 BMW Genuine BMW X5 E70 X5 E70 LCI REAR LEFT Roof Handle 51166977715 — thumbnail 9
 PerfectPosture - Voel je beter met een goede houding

-=-=-

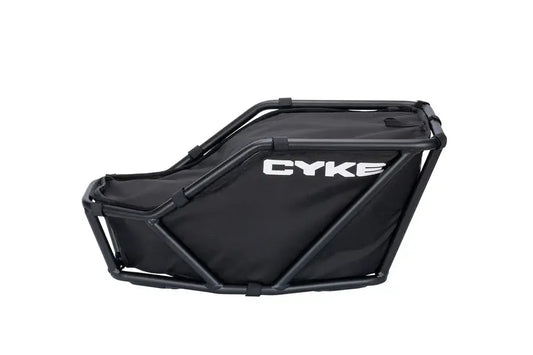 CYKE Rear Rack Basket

-=-=-

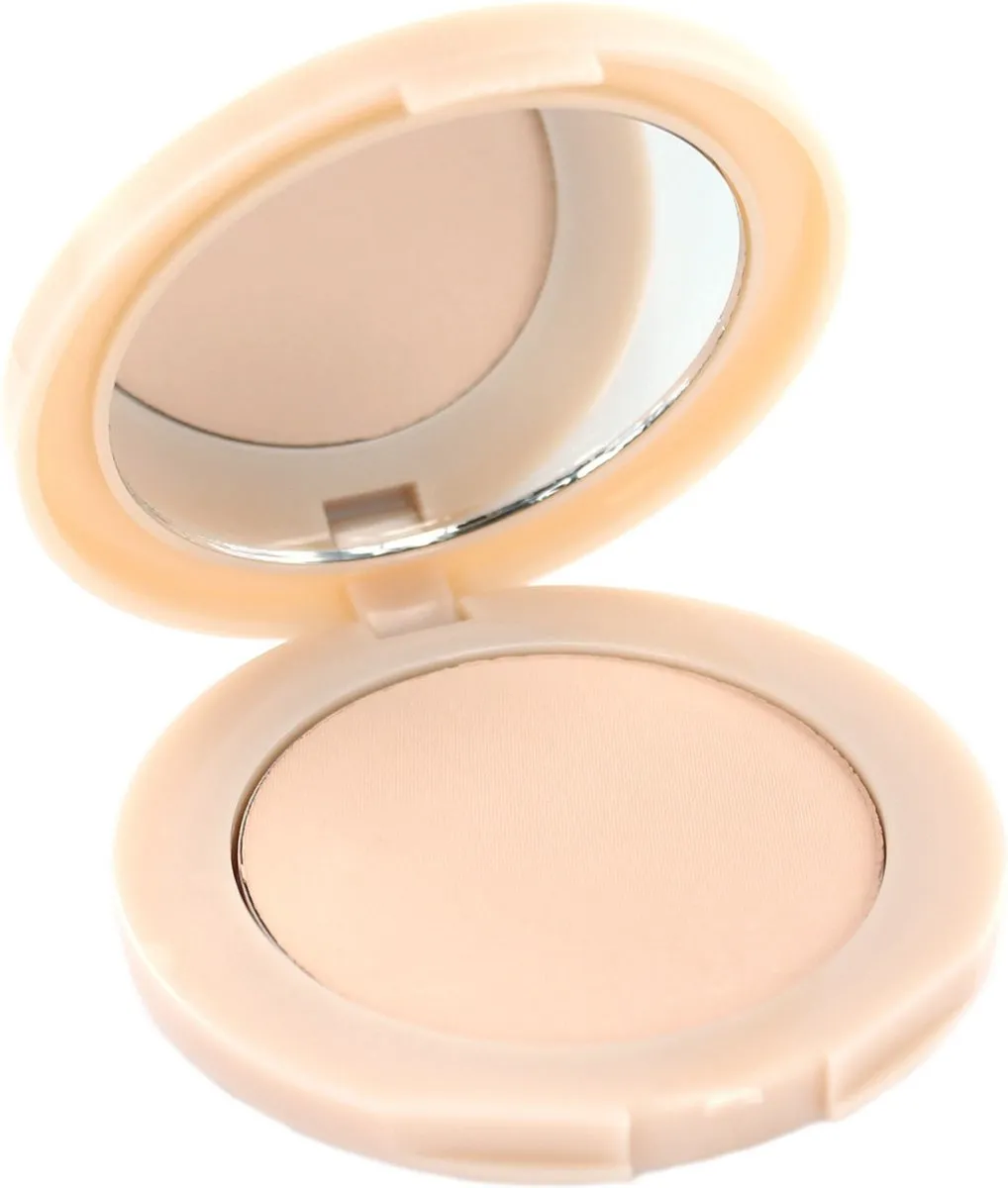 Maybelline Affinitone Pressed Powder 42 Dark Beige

-=-=-

= ACTION ITEM =
Find the line with "BMW Genuine BMW" in the entries above. Retype it and each line after it, exactly, through the line with "PerfectPosture - Voel", and stop there.

= TASK RESULT =
 BMW Genuine BMW X5 E70 X5 E70 LCI REAR LEFT Roof Handle 51166977715 — thumbnail 9
 PerfectPosture - Voel je beter met een goede houding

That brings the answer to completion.